This case, by the consent of the parties, has been submitted to the determination of the court, upon the facts and evidence reported ; the court being authorized to draw such inferences from the evidence, as the jury would be justified and bound to draw, if the case had been submitted to them. The plaintiff’s title to the goods replevied is derived from a mortgage deed to him from Eli Robbins, and the principal question is, whether this is a valid mortgage, or is fraudulent as against creditors ; the goods having been attached by the defendant, as the property of said Eli, the mortgagor.

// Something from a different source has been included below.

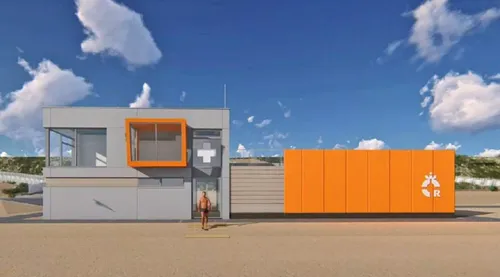 ontwerp knrm zandvoort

The property mortgaged was “ all the hay, grain and produce standing ” on the mortgagor’s farm at the time the mortgage was made. And the defendant’s counsel contends, that this property was in its nature subject to be consumed in its use, and was intended to be so consumed by the mortgagor ; and that the mortgage of it, therefore, is prima facie colorable and fraudulent against his creditors. And this inference is fully sustained by the decision in Sommerville v. Horton, 4 Yerg. 541, the principle of which decision seems to be admitted is correct, by Morton, J. in deliver ng the opinion of the court in Shurtleff v. Willard, 19 Pick. 212.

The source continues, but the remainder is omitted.